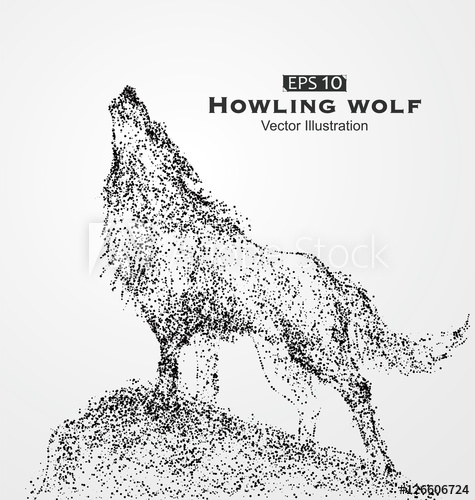 475x500 Howling Wolf, Particles, Vector Illustration.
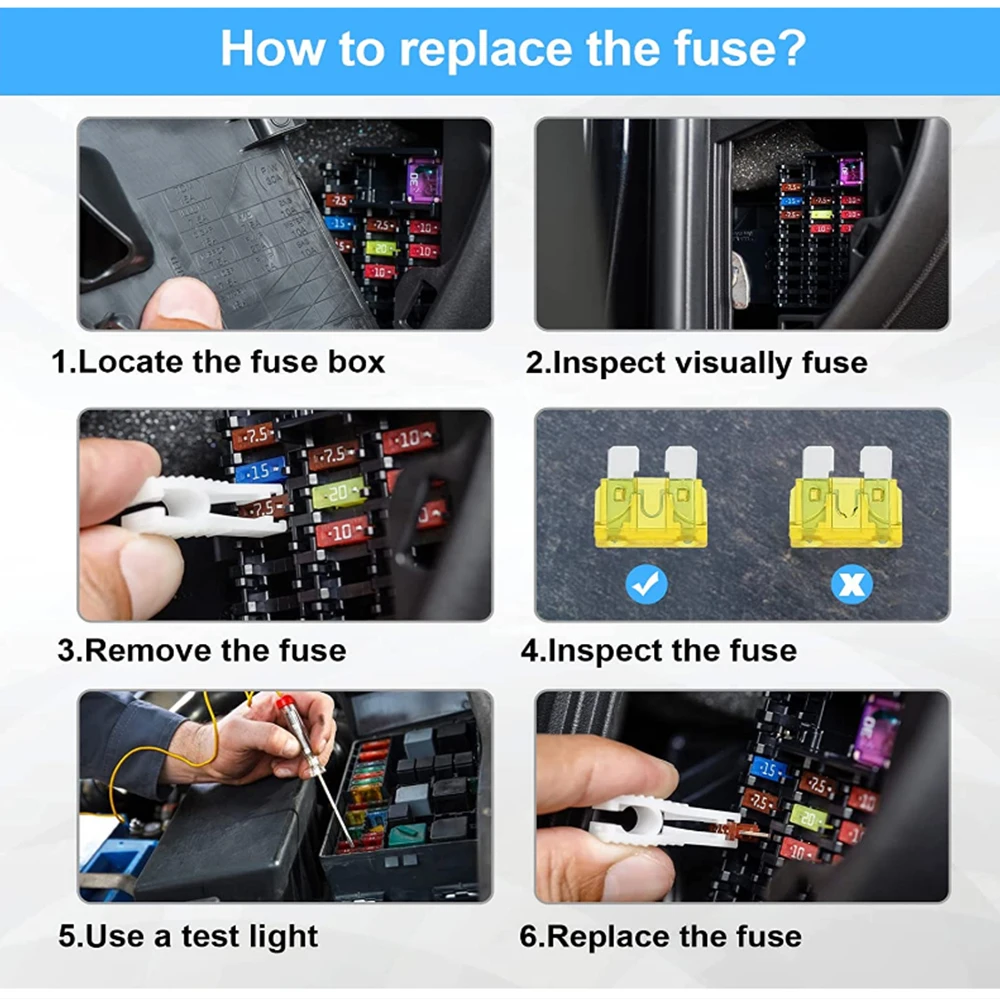 MulWark 120pc ClearMark Assorted Auto Mini Car Truck Blade Fuses Set  5A 7.5A 10A 15A 20A 25A 30A   ATM Automotive Replacement Auto Fuse Assortment Kit W/A Puller  For Boat,Marine,RV,SUV,Trike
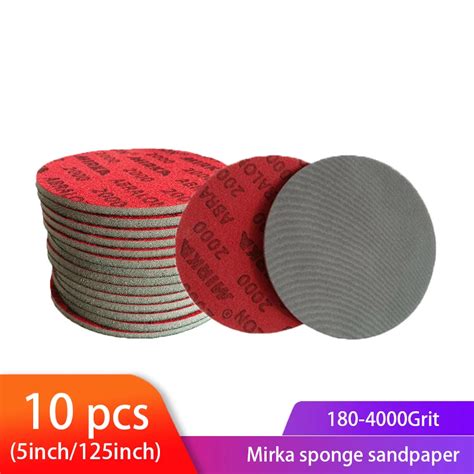 Inch Foam Dry Wet Sponge Sandpaper Disc Flocking Back Velvet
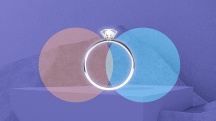 Pink and blue circles overlap under an engagement ring against a purple background.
------------------------------------------------------------
[TASK PROMPT]
With pictures left out, print the lines of the material above from the line containing "MulWark 120pc ClearMark" through its last line, exactly and nothing more.

[EXPECTED OUTPUT]
 MulWark 120pc ClearMark Assorted Auto Mini Car Truck Blade Fuses Set  5A 7.5A 10A 15A 20A 25A 30A   ATM Automotive Replacement Auto Fuse Assortment Kit W/A Puller  For Boat,Marine,RV,SUV,Trike
 Inch Foam Dry Wet Sponge Sandpaper Disc Flocking Back Velvet
 Pink and blue circles overlap under an engagement ring against a purple background.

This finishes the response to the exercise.